As per my previous article on bullfighting, the region of Cataluña has recently passed a bill to forbid bullfighting as of 2012, although there were whispers heard afterwards that the decision was based as much on politics and separatism as it was on any concern for the rights of animals and cruelty towards them. On average, the annual revenue accrued from bullfighting is £2.2bn and 13,300 bulls are killed in official bullfights every year (which is the equivalent to 36 bulls every single day) However, the total number killed is estimated to be 3 times as high.
The reaction from the rest of Spain to the historical ban has been completely the opposite to Cataluña, with many regions defending the “fiesta nacional“. However, the true home of bullfighting has always been Andalucia.
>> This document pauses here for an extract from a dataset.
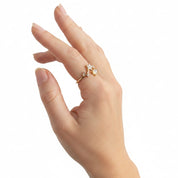A delicate gold ring with small clear gemstones worn on a person's ring finger, shown against a plain white background.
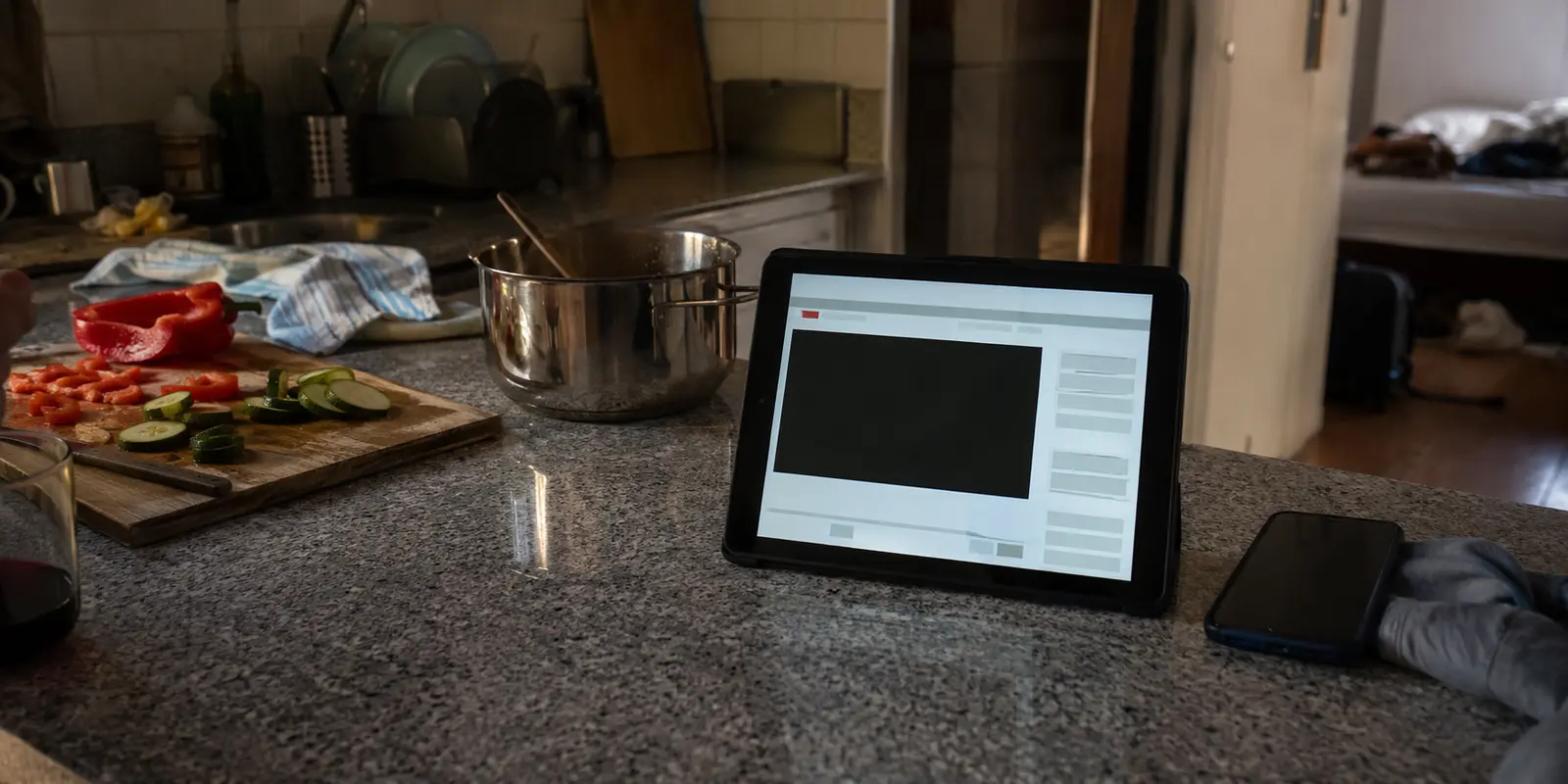 Una tableta en la cocina de un alojamiento muestra un reproductor de televisión española que no arranca, junto a un móvil usado como hotspot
It is here that much of the industry that surrounds the Spanish tradition is created.
In the beginning of August this year, the mayor of Ronda, Antonio Marín, requested to the Andalucía government for them to deem his town the centre of studies and investigation of “Tauromaquia“. Ronda’s famous bullring was founded in 1785 – the oldest in the entire country – and the mayor would like his town to have the role to defend “the traditions of Andalucía”.
Now, it has come to light that the political group “Los Verdes” are going to propose a similar ban for Andalucía. “Los Verdes” reasons and arguments were detailed by Mario Ortega, Los Verdes spokesperson. He was quoted as saying the ‘fiesta nacional’ would not survive in Andalucía if it did not receive subventions from the public authorities. He also claimed that bullfighting receives 13 million euros from town halls, 12 million from the regional government, nine million from the various provinces and four million euros from RTVA – the Andalucía broadcaster.
“Los Verdes” task now is – within 3 months – to constitute a platform with the help of associations and social networks. They are also requesting that the Electoral Board authorise electronic signatures, which would greatly enhance the chances of achieving the 25,000 signatures which are essential to take the Legal Initiative before the Andalusian Parliament.
It is indeed an interesting turn of events, as back in July, the President of the Junta de Andalucía, José Antonio Griñan, was quoted as saying he was “totally against” the ban and that a referendum would be called before a similar decision was made in Andalucía.